Der Rechtsfreund der Berufungswerberin bringt - wie schon in der Berufung ausgeführt - bei der mündlichen Verhandlung noch vor, daß das Einkommen der Beschuldigten monatlich 8.000 S beträgt, diese sorgepflichtig für ein minderjähriges Kind und vermögenslos ist.

Die Berufungswerberin ist außerdem verwaltungsstrafrechtlich unbescholten.

5. Der unabhängige Verwaltungssenat hat erwogen:

Gemäß § 2 Abs.3 lit.c O.ö. Polizeistrafgesetz begeht eine Verwaltungsübertretung und ist gemäß § 10 Abs.1 lit.b mit Geldstrafe bis 200.000 S, im Falle der Uneinbringlichkeit mit Arrest bis zu sechs Wochen zu bestrafen, wer in Gebäuden mit mehr als einer Wohnung .... Teile einer Wohnung oder sonstige Räumlichkeiten ... für Zwecke der Anbahnung oder Ausübung der Prostitution zur Verfügung stellt. Eine Verwaltungsübertretung liegt nicht vor, wenn und solange die Prostitution in Gebäuden ausgeübt und angebahnt wird, die ausschließlich von Personen bewohnt oder benützt werden, die die Prostitution ausüben.

Nach dem Ergebnis des Beweisverfahrens - siehe oben - handelt es sich beim Gebäude E bzw. bei jenem Gebäude, in welchem die Prostitution ausgeübt wurde, um ein solches mit mehr als einer Wohnung. In diesem Gebäude (und zwar in den Räumlichkeiten des ersten Stockes) wird - wie auch J B zeugenschaftlich befragt ausführte und wie im übrigen unbestritten ist - die Prostitution ausgeübt. Diese Räumlichkeiten hat die Beschuldigte im Wege eines Untermietvertrages angemietet und davon einen Teil der Prostituierten J B zum Zwecke der Ausübung der Prostitution zur Verfügung gestellt.

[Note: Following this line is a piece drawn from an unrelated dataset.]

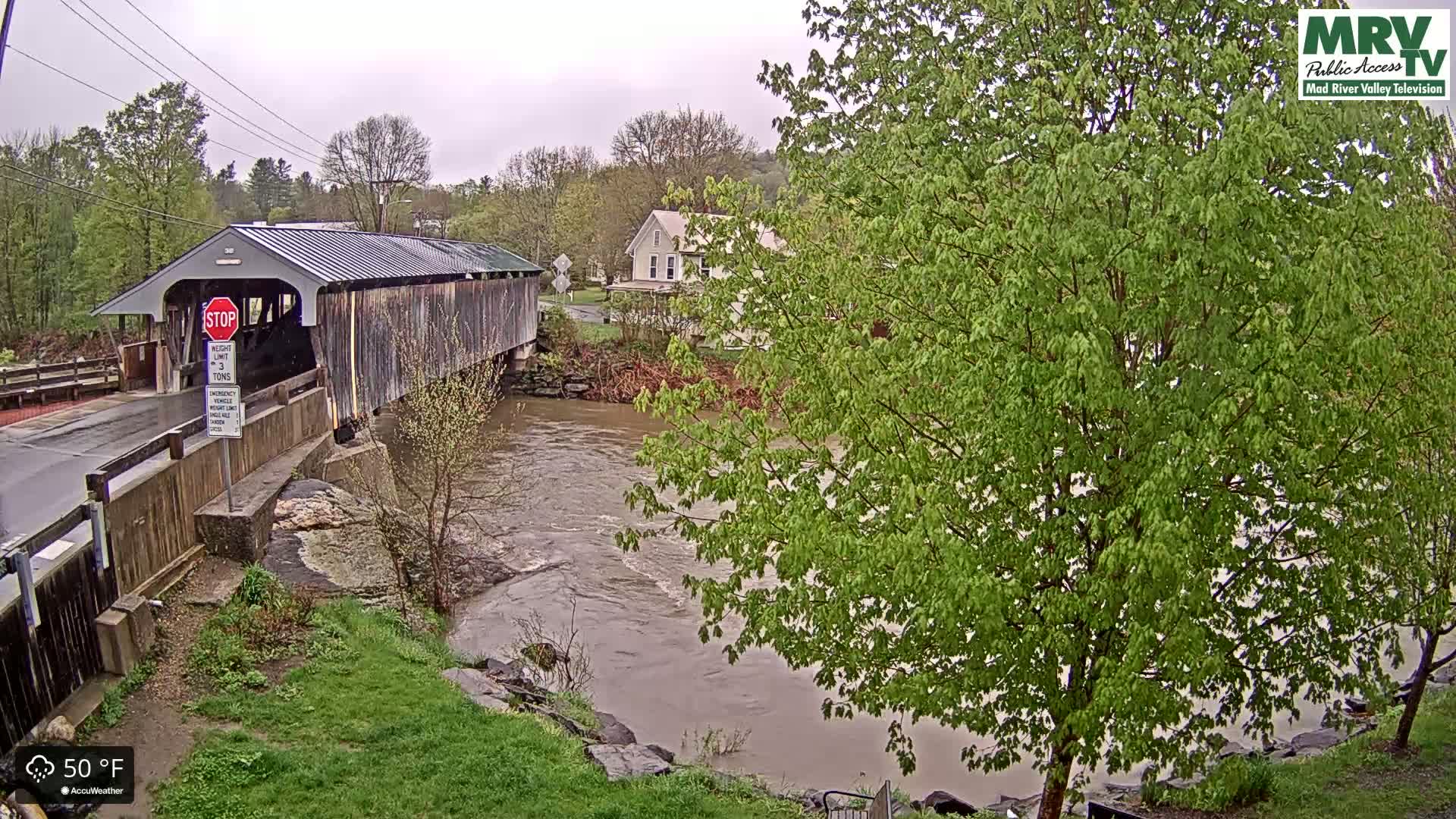 A covered wooden bridge spans a muddy river under an overcast sky, with lush green trees lining the riverbank.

Der Ausschlußgrund, daß eine Verwaltungsübertretung nicht vorliegt, wenn und solange die Prostitution in Gebäuden ausgeübt oder angebahnt wird, die ausschließlich von Personen bewohnt oder benützt wird, die die Prostitution ausüben, liegt nicht vor, weil unstrittig die im Erdgeschoß befindliche Wohnung für diesen Zweck (nämlich die Prostitution) nicht bewohnt oder benützt wurde. Sohin steht fest, daß die Beschuldigte dem § 2 Abs.3 lit.c O.ö. Polizeistrafgesetz zuwidergehandelt hat und dieses Zuwiderhandeln im Sinne des § 10 Abs.1 lit.b leg.cit. mit einer Geldstrafe bis zu 200.000 S, im Falle der Uneinbringlichkeit mit Arrest bis zu sechs Wochen zu bestrafen ist.

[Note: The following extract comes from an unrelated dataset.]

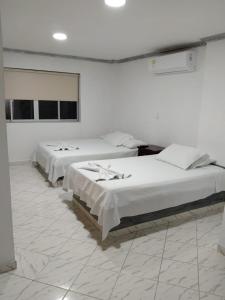 two beds in a room with white walls at Hotel Kariary in Puerto Boyacá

Die Tatbildmäßigkeit ist sowohl objektiv als auch - in Ermangelung von Schuldausschließungs- oder Rechtfertigungsgründen - subjektiv gegeben.

Zur Strafhöhe:

Gemäß § 19 Abs.1 VStG ist Grundlage für die Bemessung der Strafe stets das Ausmaß der mit der Tat verbundenen Schädigung oder Gefährdung derjenigen Interessen, deren Schutz die Strafdrohung dient und der Umstand, inwieweit die Tat sonst nachteilige Folgen nach sich gezogen hat.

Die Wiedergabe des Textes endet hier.